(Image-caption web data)
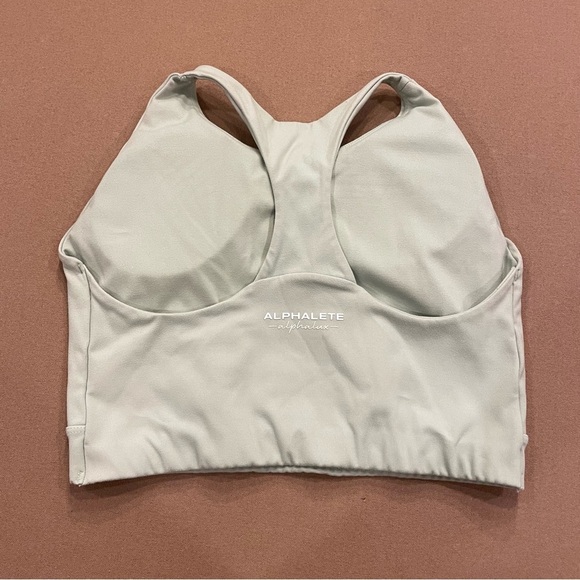 Alphalete Alphalux High Neck Mint Green Sports Bra Size Small - Picture 2 of 9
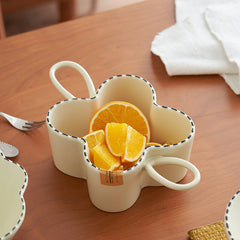 Dotted Line Embossed Ceramic Baking Bowl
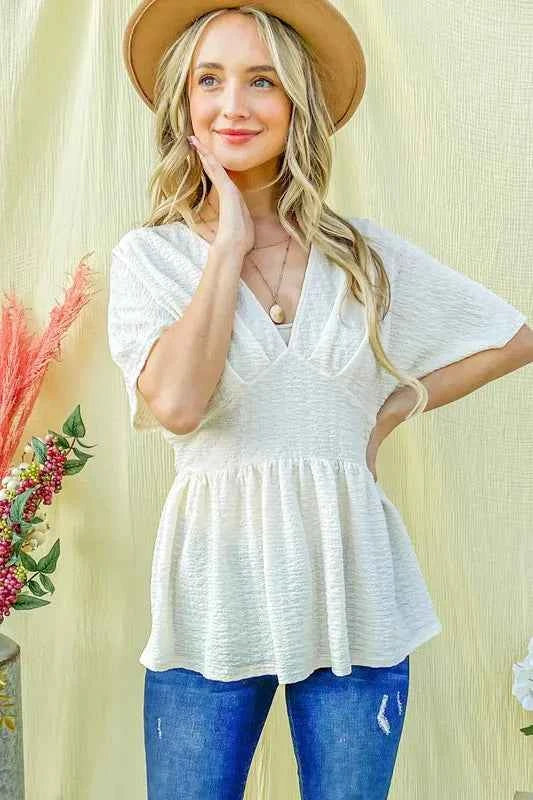 And The Why Textured and Soft V Neck Casual Top c9b1259e9ce144feb28cc4465c5a37f1-Max-Origin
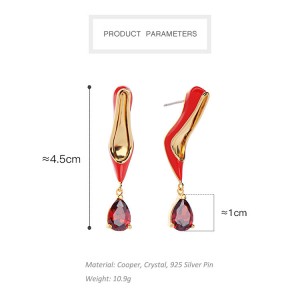 Fashion sexy drop oil red crystal high-heel shoe earring shoes earring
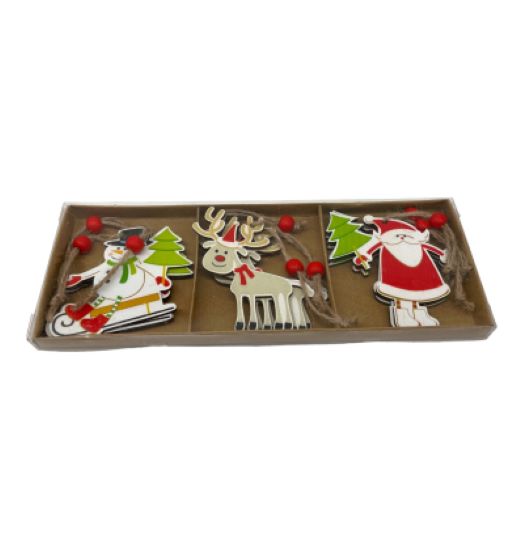 Wooden Hanging Deco 9pc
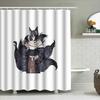 Fox Spirit Anime Shower Curtain Kitsune Japanese Yokai Mythic Fantasy Decor Bathroom Set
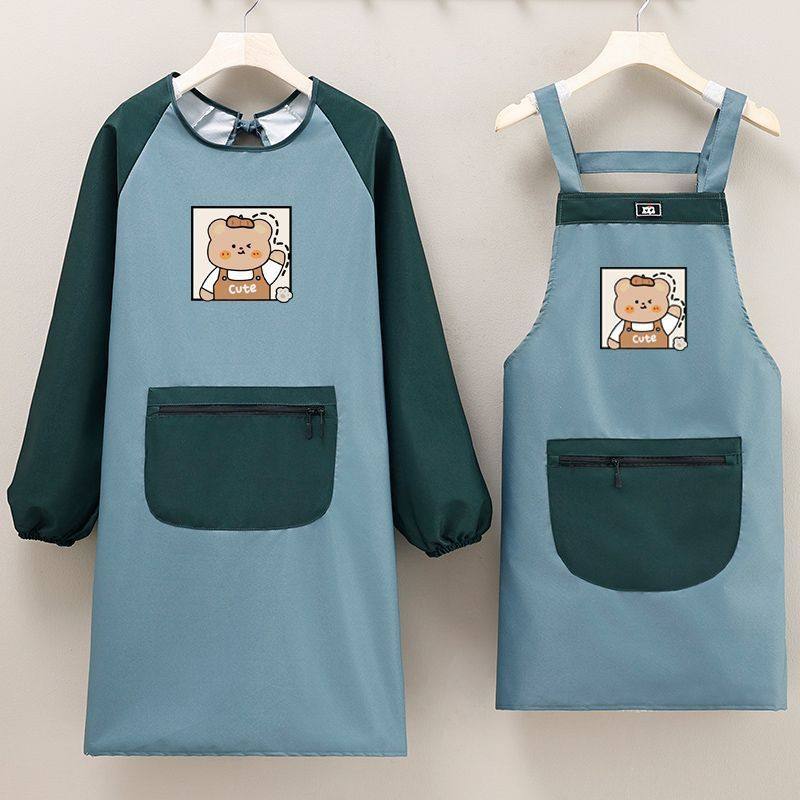 围裙耐脏护衣时尚韩版长袖防水防油污拉链口袋反穿罩衣专用工作服,淘宝优惠券,粉丝福利购,淘宝优惠卷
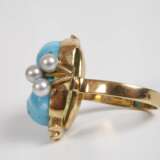 Damenring mit Türkis, Perlen und Brillanten - photo 3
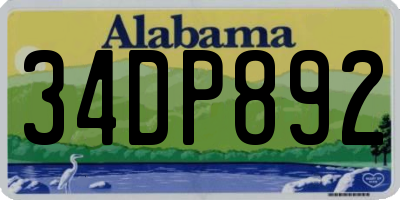 AL license plate 34DP892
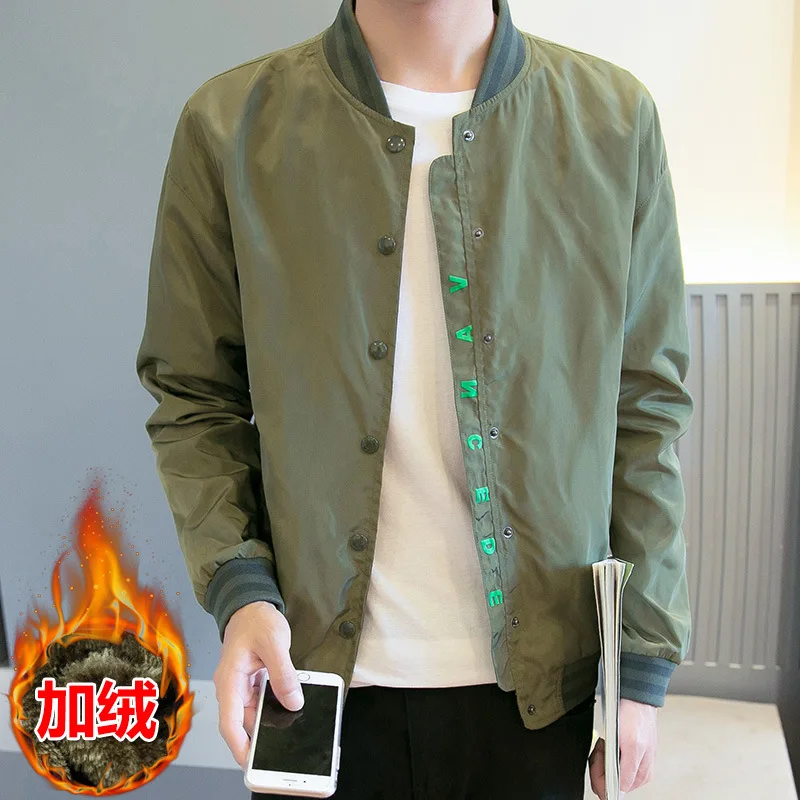 

Winter New Style Youth Korean-style plus Velvet Jacket Slim Fit Trend Baseball Uniform Sweatshirt Men's Warm Coat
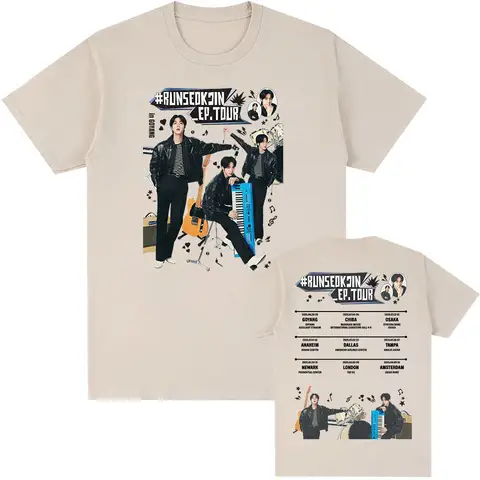 Jin RUNSEOKJIN EP TOUR 2025 티셔츠 한국 가수 그래픽 프린트 티셔츠 반소매 코튼 여름 T 셔츠 남성/여성 의류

Exercise aim:
Your answer must be the lines from the one containing "围裙耐脏护衣时尚韩版长袖防水" through the last line of the records, printed exactly with no pictures; please include both ends.

Your solution:
 围裙耐脏护衣时尚韩版长袖防水防油污拉链口袋反穿罩衣专用工作服,淘宝优惠券,粉丝福利购,淘宝优惠卷
 Damenring mit Türkis, Perlen und Brillanten - photo 3
 AL license plate 34DP892

Winter New Style Youth Korean-style plus Velvet Jacket Slim Fit Trend Baseball Uniform Sweatshirt Men's Warm Coat
 Jin RUNSEOKJIN EP TOUR 2025 티셔츠 한국 가수 그래픽 프린트 티셔츠 반소매 코튼 여름 T 셔츠 남성/여성 의류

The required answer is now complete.